Originally Posted by
Atrain505
Board. You want a 9 foot+ longboard. Anyone who tells you to learn on anything else is out to lunch. You'll spend more time standing up on more waves and therefore progress faster. If you are surfing infrequently it will take a couple years to progress to a shortish board and actually be able to surf it. If you are surfing every week you can do it a lot quicker.
Craigslist in Vancouver always has decent boards coming through.
I agree here too, although I don't think it HAS to be over 9 feet. 8.5 feet would probably work if there is enough volume. One of the biggest mistakes people make is going to a small board too fast. You want everything to be slow and gradual, that requires a big board. Also, a big board will be useful on small days if you do progress to something smaller. I learned in college, so late in life, and the people I knew who tried to learn on smaller boards gave it up, it's just too hard.

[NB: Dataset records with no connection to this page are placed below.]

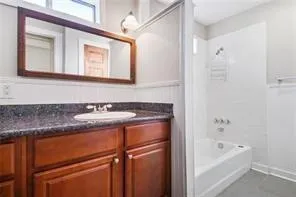 $1,750 | 2834 Ponce De Leon Street, New Orleans, LA 70119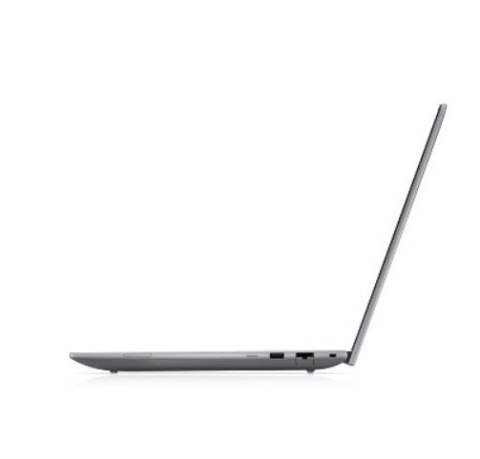 HP Inc. Mobilna stacja robocza ZBook X G2i U7-366H 1TB/64GB/W11P/16 cali DP7U3ET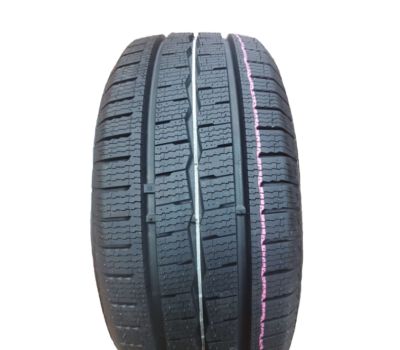  Royal Black ROYAL WINTER VAN 215/65/R15C 104/102R 6PR iarna 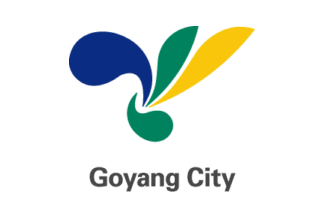 kr-41-goyang1.gif
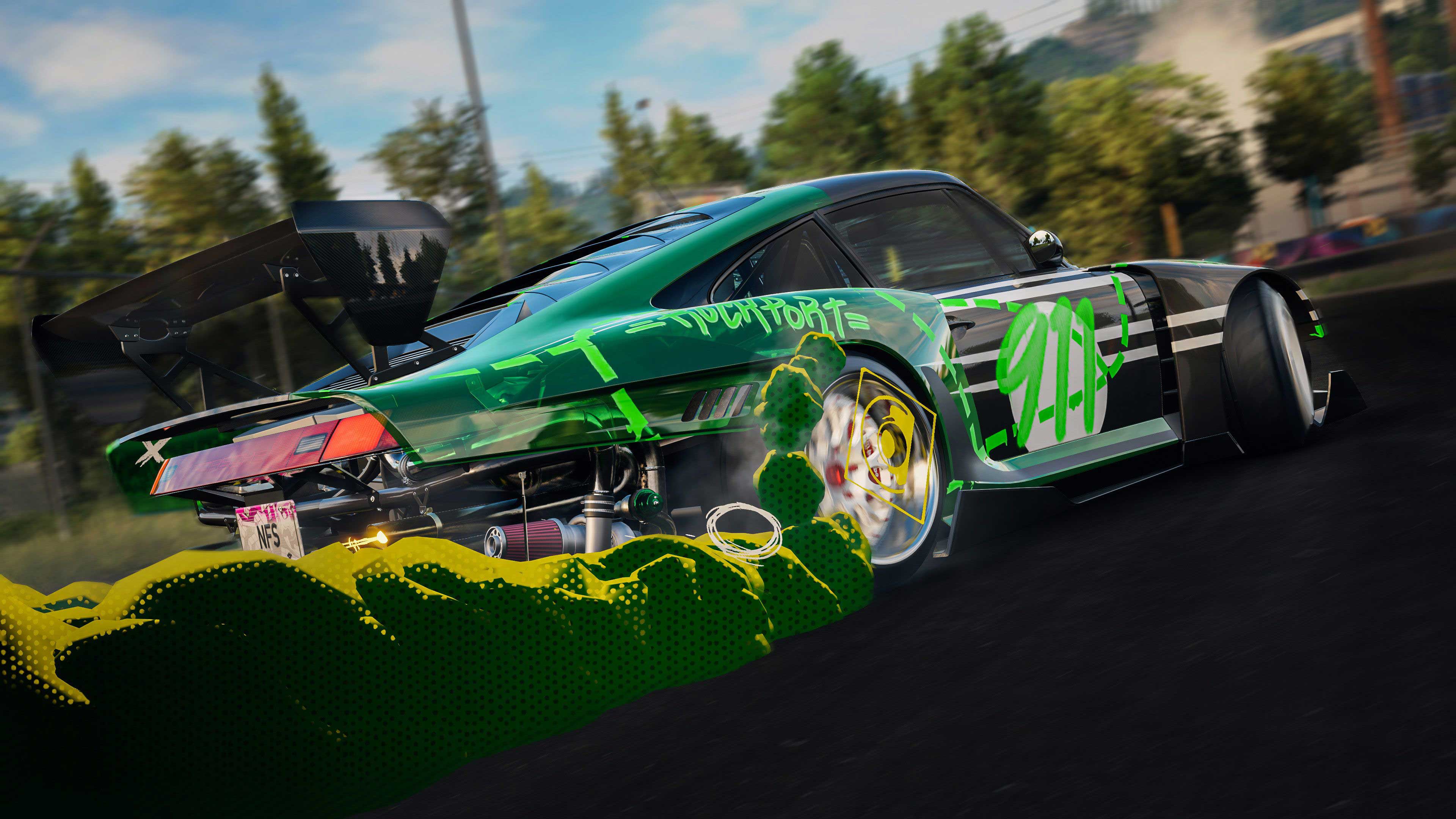 need-for-speed-unbound-screenshot-2.jpg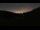 Webcam in La Bresse, 39.2 km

One of my best friends insists you can learn on a standard short board. He is a great surfer, grew up on the Big Island and started surfing when he was 7, but he is way off base. To be honest, a bunch of our friends have listened to him about learning on a short board and they have all, literally all of them, given it up. Learn on a long board. When our buddies would ask me I would be deferential, explaining that he knew far more than me and was a far better surfer than me, but that he was going STRONGLY against conventional wisdom. The problem is, everyone wants to shortboard, so when someone says you can learn on a small board that feeds into what they want to hear. It just ain't so. Like I said before, I have never seen anyone successfully learn on a small board at an advanced age. That does not mean it has not happened, I just have not seen it. I know my buddy meant well, and I like people who think outside the box, I just think he learned so early that he is very out of touch with what it is like to suck.
To keep hammering the nail, learn on a big board.